◆ ASSIGNMENT ◆
Show all the lines in the data below that include the word "خضير".

◆ EXCERPTED RECORDS ◆
==*==
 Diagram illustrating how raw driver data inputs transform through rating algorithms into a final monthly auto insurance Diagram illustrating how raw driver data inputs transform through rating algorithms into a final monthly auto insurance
==*==
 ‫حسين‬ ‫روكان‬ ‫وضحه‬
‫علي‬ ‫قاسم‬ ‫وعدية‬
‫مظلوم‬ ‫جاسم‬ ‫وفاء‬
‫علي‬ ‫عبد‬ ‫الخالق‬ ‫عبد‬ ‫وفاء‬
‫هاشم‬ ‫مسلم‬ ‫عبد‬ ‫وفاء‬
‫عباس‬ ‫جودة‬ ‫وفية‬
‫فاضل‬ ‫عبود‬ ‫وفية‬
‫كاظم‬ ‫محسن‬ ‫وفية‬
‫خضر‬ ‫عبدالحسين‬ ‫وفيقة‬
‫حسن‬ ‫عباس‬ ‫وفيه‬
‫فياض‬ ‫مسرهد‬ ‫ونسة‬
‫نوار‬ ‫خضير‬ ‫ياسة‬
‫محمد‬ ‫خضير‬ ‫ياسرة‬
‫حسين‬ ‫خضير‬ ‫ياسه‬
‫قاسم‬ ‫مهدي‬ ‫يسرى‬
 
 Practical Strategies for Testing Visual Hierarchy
==*==
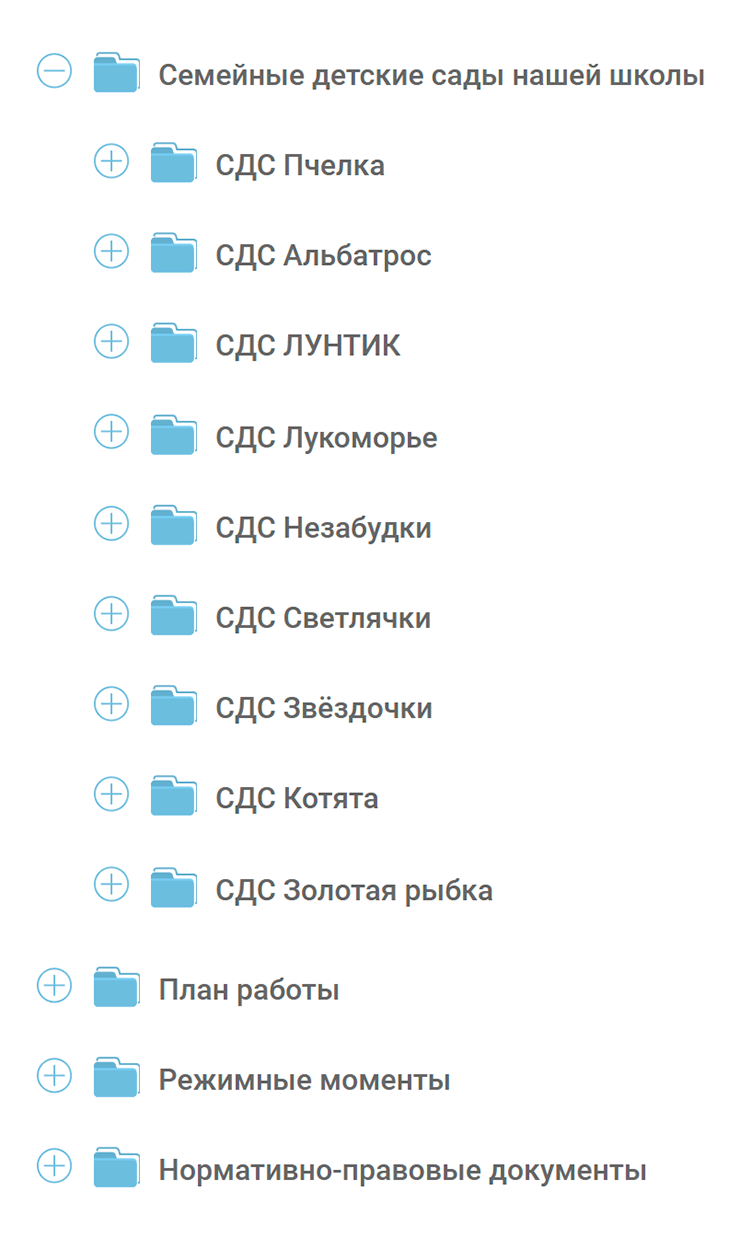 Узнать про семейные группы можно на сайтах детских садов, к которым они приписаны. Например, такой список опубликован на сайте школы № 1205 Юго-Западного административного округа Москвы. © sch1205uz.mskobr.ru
==*==
◆ YOUR RESPONSE ◆
‫نوار‬ ‫خضير‬ ‫ياسة‬
‫محمد‬ ‫خضير‬ ‫ياسرة‬
‫حسين‬ ‫خضير‬ ‫ياسه‬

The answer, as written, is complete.